はじめまして、谷内俊文といいます。皆さんもご存知かと思いますが、私は立ち入り禁止になっている、福島第一原発20q圏内に、原発事故の一ヶ月後の四月十三日から入りまして、それから足掛け四年、ずっと撮り続けています。

 ■原発20km圏内へ■
 最初に20km圏内に行こうと思ったいきさつからお話ししたいと思います。
私はこの事故の写真を撮る前は、元々広告や雑誌とか商業的な写真を撮るカメラマンでした。
しかし、津波と地震と原発事故があって、人がすごく亡くなって、これは大変なことになった、今までの仕事の写真をのうのうと撮っている場合じゃないと、自分の中に危機感があって、どうしよう、私が行くべきなのかどうなのか、私が適任なのかどうなのかってことをずっと悩んでいたんですね。
その時に、僕の仲間で社会的な写真を撮るものがいて、「谷内さん、20km圏内に入るルートを見つけたから一緒に行きませんか?」と話をもらって、津波や地震で破壊されたところと、「天災」じゃなくて、人が作った(原発の)「災害」で人が亡くなったり、汚染されたり、いろんなことがあるという思いがあって、福島原発に行きたいと思ったんですね。

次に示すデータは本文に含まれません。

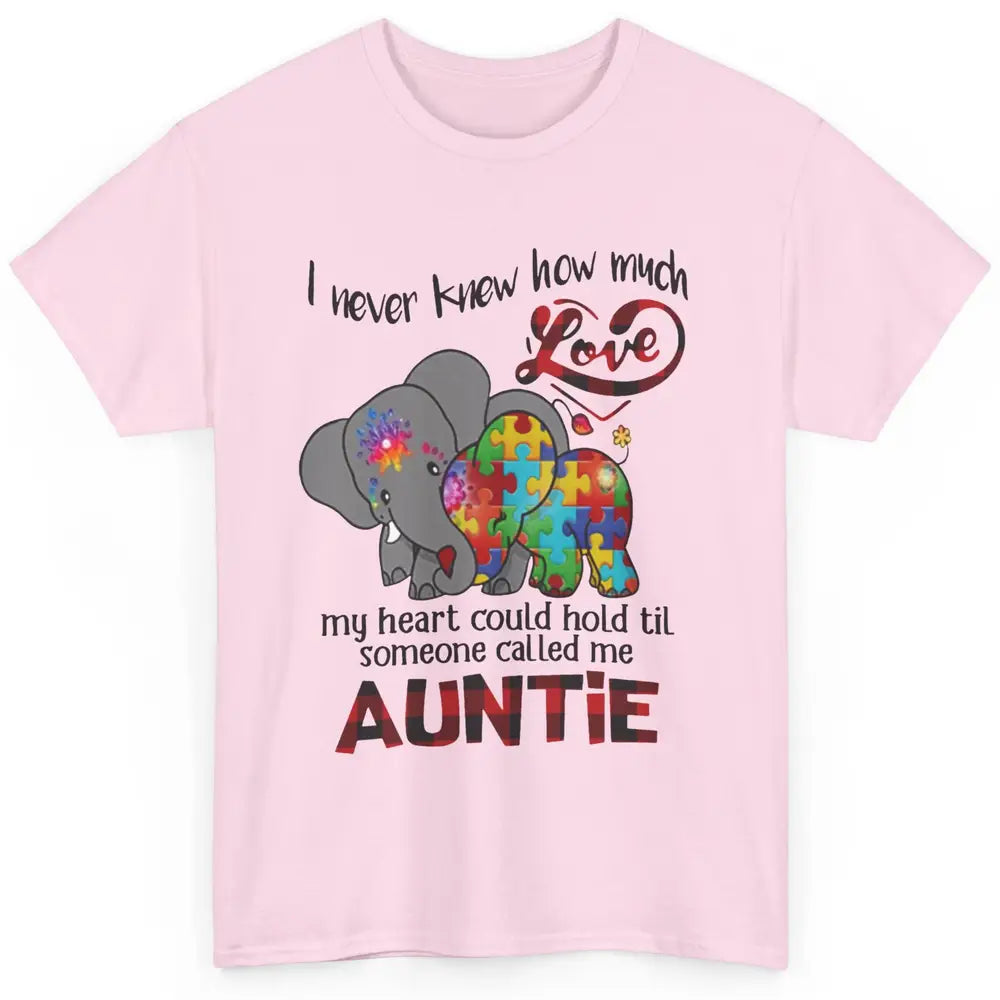 Elephant Autism Aunt Never Knew How Much Love My Heart Hold Classic Unisex T-Shirt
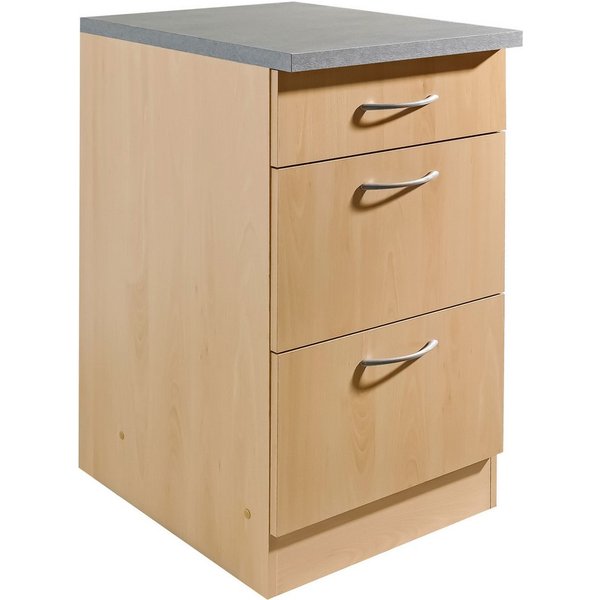 wiho Küchen Unterschrank Kiel 50 cm breit, 50 cm tief, mit 2 großen Auszügen und 1 Schublade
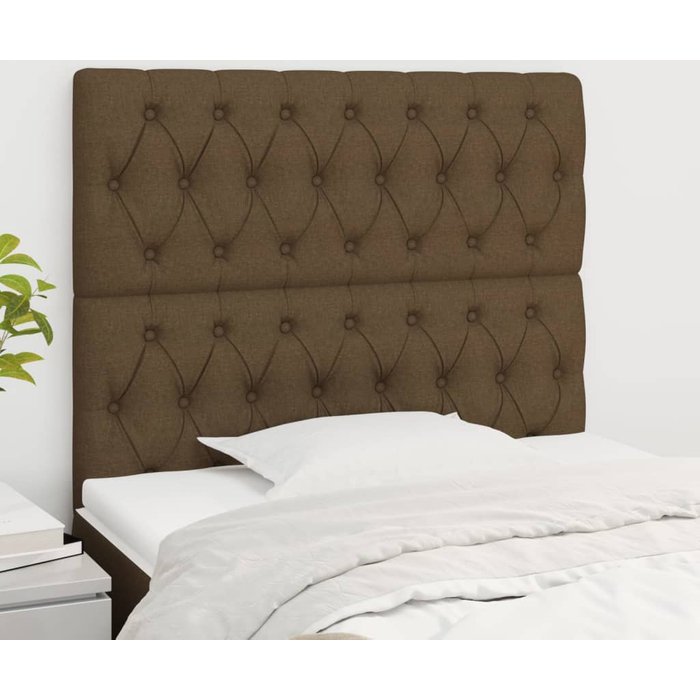 Cabeceros 2 uds marrón oscuro 90x7x78/88 cm tela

誰もこの中の状況を知っている人がいない。海外の知り合いも他の津波の被害があった場所の映像や写真や情報は入ってくるけど、第一原発20km圏内の周りの情報は全く入っていないし、どこにも写真、映像はないと。
それで僕が行く価値があるなって思いまして、当時、フリーの死んでも良いと思っているようなカメラマンやジャーナリストが入っている程度で、メディアに紹介されない状態だったんですね。
そんなことで原発事故の一ヶ月後に入ったんです。その時に撮ったのがこれです。

実は津波の被害なのです。だーっと波が来た後なんですけれど、四月十四日、事故後一ヶ月たつけど手付かずなんですね。ここに津波が来た状態のまま、放射線の線量が高くて作業員も作業に入れないし、救助の人も入れないので、そのまんま一ヶ月間、津波の被害の「標本」みたいな形でここに残っていたんですね。探せばご遺体が埋まっているような状態なんですけれど、こういう写真って、他のメディアでも津波の被害ということで、発表されているんですね。

 ■誰もいない街■
でも、もっと私がショックを受けたのが、「誰もいない街」です。
例えば東京のこの辺でも、大晦日とか、全く人がいなくなる時期が都市でもあると思うのですけれども、一瞬、本当に全く人がいなくなった街を見たことなかったんですね。どこまで歩いても、風の音と自分の出す音しか聞こえない。
そんな状況って、例えばハリウッド映画のセットでもない限り存在しない。確実に一ヶ月前まで人が住んでて、洗濯物が干してあるにもかかわらず、全く人がいないっていう状況を見たのが初めてで、その時に放射能の見えない汚染されたものの恐怖感を味わって、これは大変なことが起きているって思って、それでずっと記録し続けようって思ったんですね。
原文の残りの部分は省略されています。